Learnable Wavelet Transform
Author: [达克寿司]
Original Link: https://zhuanlan.zhihu.com/p/2018421854524688328
In the previous post (link), we discussed wavelet kernel selection. In this article, we go one step further: should we simply choose a common predefined wavelet, or should we train a learnable wavelet? Is it reasonable that different datasets prefer different wavelets? Do trained wavelets differ across datasets? If we train on the same dataset multiple times, do we converge to similar learned wavelets? This post explores these questions with learnable wavelets.
There are two major ideas behind learnable wavelets: one is a meta-learning recommendation system across datasets, and the other is a model that directly treats wavelet kernel coefficients as trainable parameters:

Figure 0: Two learnable wavelet transform approaches
However, before implementing the methods above, we first need to verify whether dataset-adaptive wavelet parameters are actually reasonable. A clustering study can help answer this. Pseudocode:
metrics_list = []
for data in datasets: # iterate over UCR time-series classification datasets
for wavelet in wavelets: # iterate over discrete wavelet kernels
coef = DWT(data, level=3) # DWT: discrete wavelet transform; level=3 means three decomposition levels
metrics (Sparsity,Entropy,reconstruct_error,threshold_rec) = get_metrics(coef)
metrics_list.append(metrics)
This yields a (dataset * wavelet) pivot table that looks like this:
| dataset/wavelets | db | coif | … … | haar |
|---|---|---|---|---|
| dataset1 | num | num | … … | num |
| dataset2 | num | num | … … | num |
| … … | num | num | … … | num |
Each num is the sum of all metrics (e.g., metrics introduced in the previous post: link) after wavelet decomposition. We then run clustering and visualize whether similar datasets produce similar metric patterns. The figure below is a correlation matrix visualization:

Figure 1: Correlation of wavelet evaluation metrics (UCR datasets)
In Figure 1, green indicates strong correlation and red indicates weak correlation. The matrix is partitioned into multiple blocks generated by clustering on wavelet metric values.
You can see both red and green blocks. Diagonal blocks represent clusters, where datasets tend to be more similar (greener) internally. Off-diagonal extensions show cross-cluster similarity; many of these regions are dominated by red, though some are mixed. Overall, inter-cluster correlation is relatively low, which matches the expectation that different datasets prefer different wavelet kernels. The next question is whether learned wavelet weights exhibit the same behavior.
Baseline
The baseline does not train a wavelet; it directly uses the strongest default wavelet.
Method 1: Learnable Wavelet Kernel Training
To train wavelet transforms end-to-end, we need a differentiable implementation. Common PyWavelets is not directly suitable here because its DWT is not implemented in PyTorch or TensorFlow. I implemented a differentiable DWT class in PyTorch following my earlier approach (link).
With differentiable wavelets, we can train per dataset.
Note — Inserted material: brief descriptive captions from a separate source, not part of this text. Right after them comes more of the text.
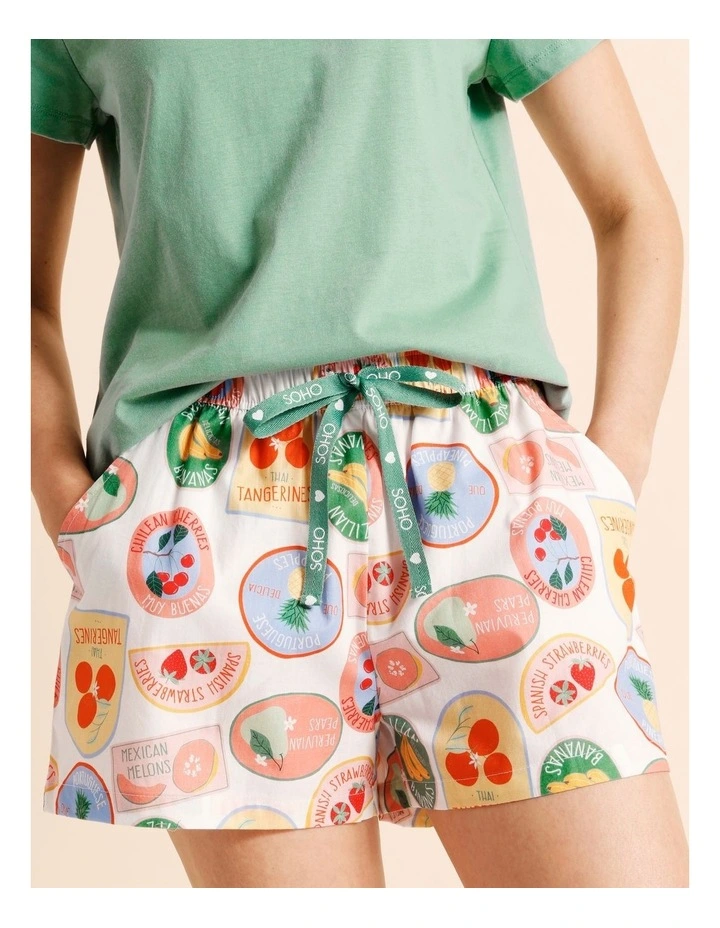 Essentials Short Sleeve Short PJ Set in Fruit Salad Print image 5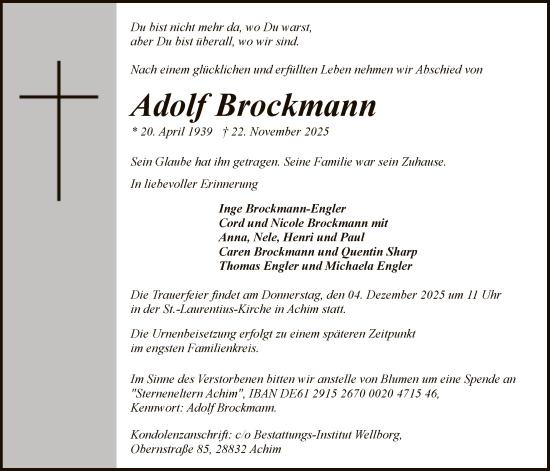 Traueranzeige von Adolf Brockmann von SYKS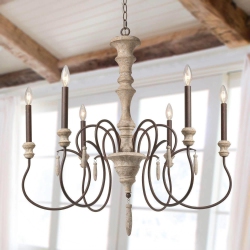 LNC 6-Light French Country Farmhouse Wood Chandelier Shabby Chic French Country Wood Ceiling Light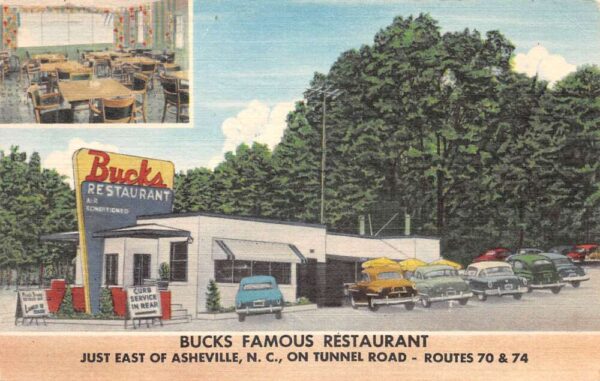 Asheville North Carolina Bucks Famous Restaurant Vintage Postcard AA77330
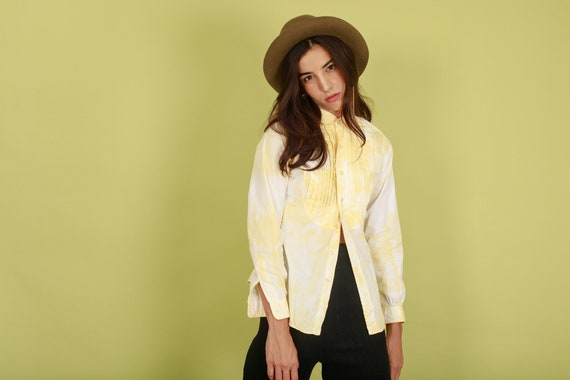 60s Pale Yellow Tie Dye Cotton Blouse Vintage Han… - image 5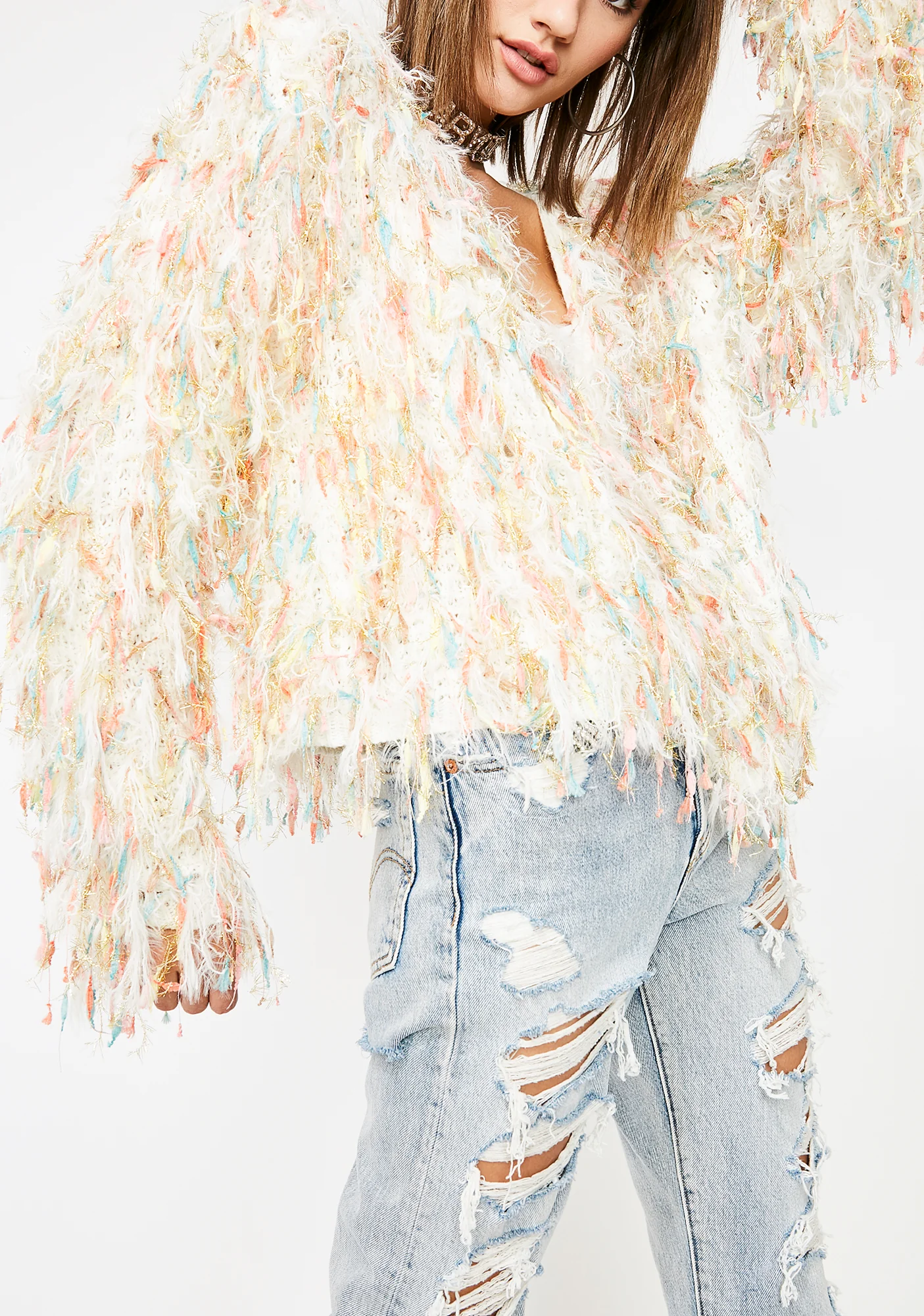 Confetti Cake Fringe Cardigan - Image 3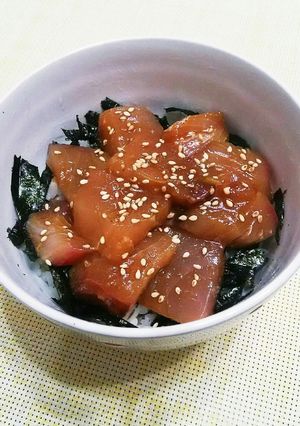 好きなお刺身で☆韓国ユッケ風・漬け丼。-レシピのメイン写真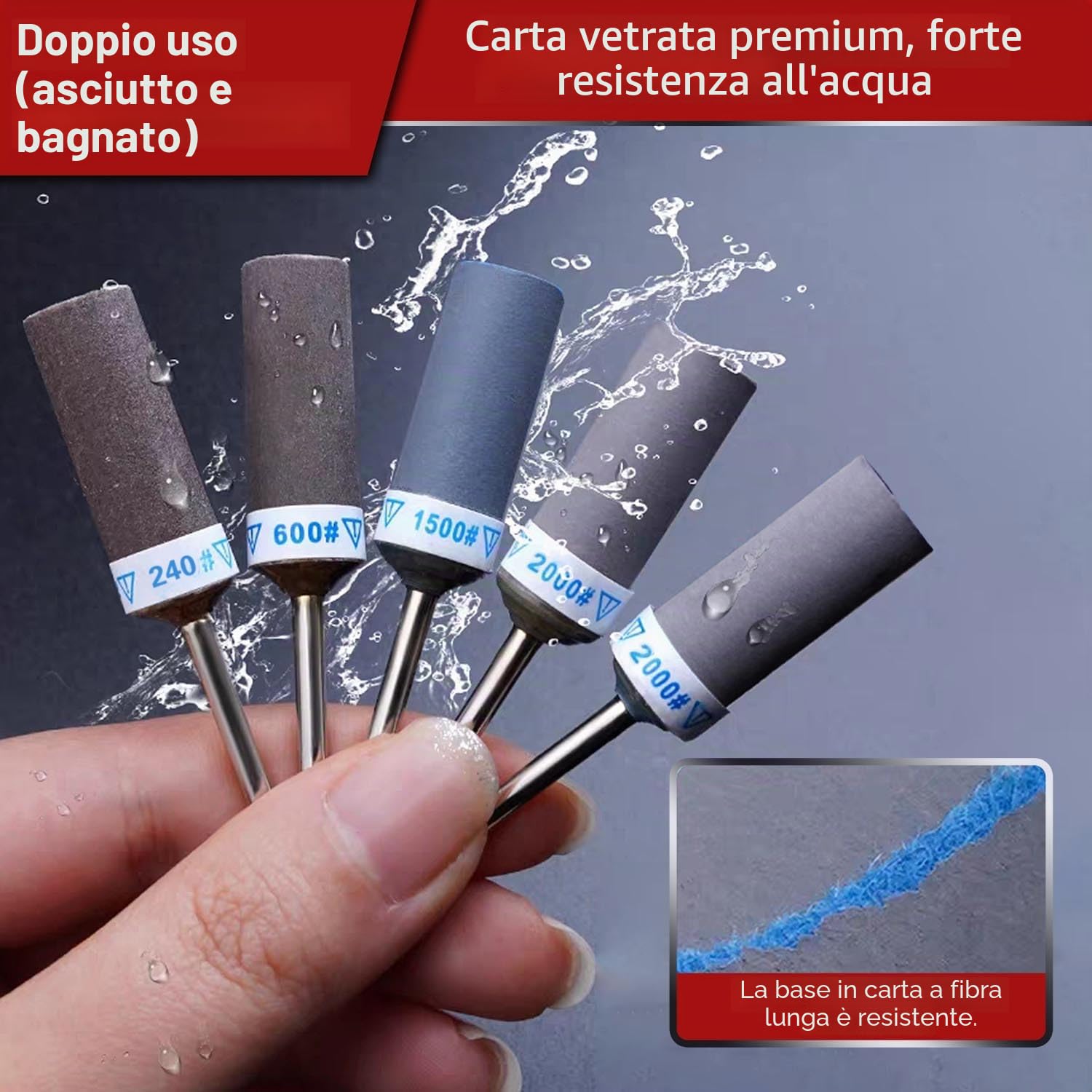 25 Pezzi di Tamburi Abrasivi Manicotti per Utensili Rotativi Dremel 180/240/600/1000/1500/2000 Grana con Albero da 3 mm Legno Strumenti di Levigatura Accessorio per Levigatura e Lucidatura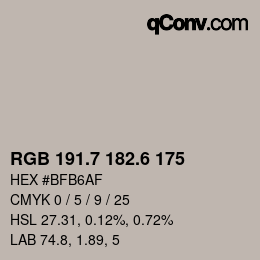 カラーコード: RGB 191.7 182.6 175 | qconv.com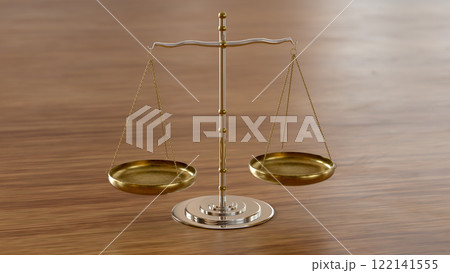 Scales of Justice. Golden balance scale on a wooden table. Sign of justice, lawyer. 3d rendering Scales of Justice. Golden balance scale on a wooden table. Sign of justice, lawyer. 3d rendering 122141555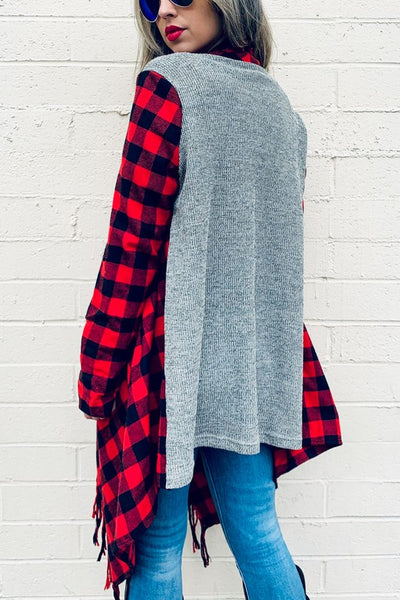 Buffalo Plaid Grey Knit Back With Tassel Jacket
First, I ran a basic experiment to test whether similar data can train similar wavelet coefficients, with reconstruction-related losses. I used synthetic datasets (with explicit patterns like periodic or abrupt signals) and performed clustering on learned coefficients:

Figure 2: Inter-group vs intra-group similarity of wavelet coefficients (random initialization)
Each dataset used a learnable wavelet of length 8 with random initialization. In Figure 2 (left), intra-group and inter-group similarity distributions are almost indistinguishable. In the clustering view (right), samples from the same synthetic dataset do not cluster together. This suggests many local minima in the learnable-wavelet objective. I then repeated experiments on real UCR datasets and clustered learned coefficients with PCA and t-SNE (multiple runs per wavelet-dataset pair):

Figure 3: Clustering visualization (FFT clustering means clustering after Fourier transform of wavelet coefficients)
Many related datasets still do not cluster together, and the clustering result changes across repeated runs. So I repeated the experiment many times and plotted two example datasets:

Figure 4: Results from 15 learnable-wavelet runs
All 15 runs converged to different learned kernels. Note that high-pass and low-pass filters appear mirrored because I used a QMF construction, so orthogonality is enforced by design instead of training both filters independently. Next, compare intra/inter similarity for wavelet-dataset pairs:

Figure 5: Intra- vs inter-similarity for wavelet-dataset pairs
Most intra-similarity values concentrate near 0 with a mean around 0.3. The box plot shows intra-similarity is only slightly higher than inter-similarity. So the hypothesis “same data produces the same learned wavelet coefficients” is not supported under random initialization. The key factor appears to be initialization. To test this, I initialized all datasets with db4 and retrained:

Figure 6: Clustering with db4 initialization
Now similar datasets do cluster together. Moreover, variance across 15 runs per dataset is exactly zero:
ACSF1: mean_dist=0.0000, std=0.0000
Adiac: mean_dist=0.0000, std=0.0000
ArrowHead: mean_dist=0.0000, std=0.0000
BME: mean_dist=0.0000, std=0.0000
Beef: mean_dist=0.0000, std=0.0000
BeetleFly: mean_dist=0.0000, std=0.0000
BirdChicken: mean_dist=0.0000, std=0.0000
CBF: mean_dist=0.0000, std=0.0000
......
The learned parameters are effectively identical. This means initialization almost completely determines the final solution. But in practice, this brings us back to predefined wavelets as initial weights. Another issue: all kernels here have length 8, forcing some datasets that prefer shorter wavelets to use long ones. To address this, I tried competitive learning:
models = init_model(num = n)
for data in datasets:
min_loss_model = get_min_loss_model(data, model) # choose the model with the minimum loss at each step
min_loss_model.train(data)
This training strategy avoids the final clustering step, allows control over prototype count, and supports custom initial lengths per wavelet. I trained n wavelets with specified lengths and random initialization. Results (dataset names such as ACSF1, Adiac, etc.):
Training Final Assignments by Filter Length
| Model | Filter Length | Datasets Assigned | Final Wins (Ep. 499) |
|---|---|---|---|
| Model 0 | 4 | 1 | 876 |
| Model 1 | 8 | 83 | 1278 |
| Model 2 | 12 | 1 | 984 |
| Model 3 | 16 | 0 | 1123 |
| Model 4 | 20 | 27 | 1227 |
Dataset Assignments
Model 0 — Length 4 (1 dataset)
ACSF1
Model 1 — Length 8 (83 datasets)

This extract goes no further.